Long haul travel has resumed from Germany but in a very limited way. A daily flight to JFK is now regular. Other than a few other minor long haul routes, little is happening and demand is minimal. Qurantine’s however are the biggest problem, with long haul international flights simply unwanted by many countries.
The cut won’t just affect Lufthansa, with Swiss and Eurowings loosing aircraft too.
Lufthansa Group CEO Carsten Spohr said a couple of days ago, a permanent fleet reduction of 100 aircraft is happening, cutting the total to around 660 over all of its airlines. Even then Lufthansa claims it will be able to offer the same seat capacity by 2024 by better use of its aircraft schedules.

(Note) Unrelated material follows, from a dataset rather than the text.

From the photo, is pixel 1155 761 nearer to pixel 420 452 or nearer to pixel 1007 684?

The long haul casualties are going to be severe
The entire A380 fleet totalling 14 aircraft, the youngest of which is just 5.8 years old, the oldest 10.9, are unlikely to re-enter service.

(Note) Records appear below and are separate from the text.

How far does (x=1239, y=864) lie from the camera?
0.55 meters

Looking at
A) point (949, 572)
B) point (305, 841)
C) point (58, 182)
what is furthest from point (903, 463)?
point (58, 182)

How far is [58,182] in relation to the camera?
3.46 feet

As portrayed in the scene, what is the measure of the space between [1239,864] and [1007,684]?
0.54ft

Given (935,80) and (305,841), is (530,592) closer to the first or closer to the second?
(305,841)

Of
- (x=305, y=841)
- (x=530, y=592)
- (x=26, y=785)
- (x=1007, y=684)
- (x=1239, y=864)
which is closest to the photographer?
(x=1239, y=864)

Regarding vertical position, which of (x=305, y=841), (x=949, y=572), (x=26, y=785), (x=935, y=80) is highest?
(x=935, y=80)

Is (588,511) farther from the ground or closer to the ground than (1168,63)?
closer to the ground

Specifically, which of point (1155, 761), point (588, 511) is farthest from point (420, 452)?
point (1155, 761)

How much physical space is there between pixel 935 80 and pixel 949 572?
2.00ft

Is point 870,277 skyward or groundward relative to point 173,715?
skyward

The remaining 747-400 fleet which is technically 7 aircraft although only 3 really remain operational. The 747-8i’s are likely to remain, at least for now, but their was always a ten year lifespan on the aircraft
The biggest casualties are going to be the entire A340-300/600 fleet operated by the group, including the 34 nominally left at Lufthansa, 5 at Swiss and 4 at Edelweiss, the Swiss subsidiary. Those at Eurowings had already been transferred back to Lufthansa and delisted.

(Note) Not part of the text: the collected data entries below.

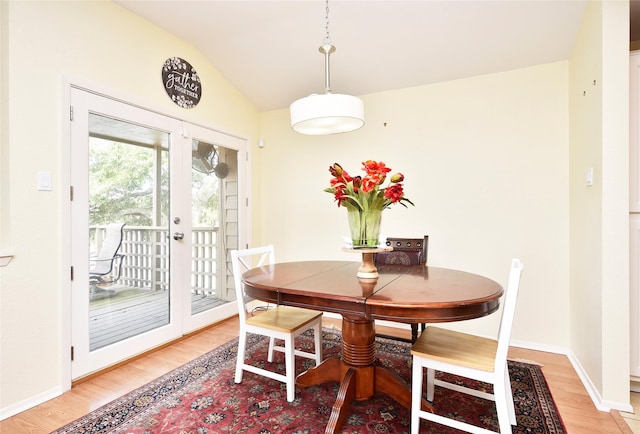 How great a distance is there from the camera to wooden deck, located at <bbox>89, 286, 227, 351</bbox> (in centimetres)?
238

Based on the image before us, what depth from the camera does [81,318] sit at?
7.39 ft

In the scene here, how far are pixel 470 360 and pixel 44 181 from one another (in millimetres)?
2622

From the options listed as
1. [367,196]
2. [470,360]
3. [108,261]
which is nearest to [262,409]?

Eight of the A380’s were already heading out of service, so the decision to rid itself of the entire fleet – the remainder are owned by the airline, is a huge capital expense write down it will have to take, but can mostly be offset against corporate tax.
It will leave only British Airways with 12 A380’s in Europe, and all of those are stored.
The last MD-11F’s are also on their way out. The remaining six will be phased out by December 2020.
What isn’t clear is what will happen to Austrian’s remaining six 777-200ER’s and six 767-300ER’s.
As the Lufthansa Group emerges from the crisis in the coming years, the wide body fleet will start off consisting of A330s (Lufthansa, Swiss, Brussels Airlines), A350’s (Lufthansa) and 747-8i’s (Lufthansa).
There are also firm orders in place for 20 787-9’s, 20 777-9’s and two more 777F’s. On the Airbus side, Lufthansa has firm commitments for 27 more A350’s. While the 777-9’s are earmarked for Lufthansa, the A350’s and 787’s are likely to be distributed across the entire group.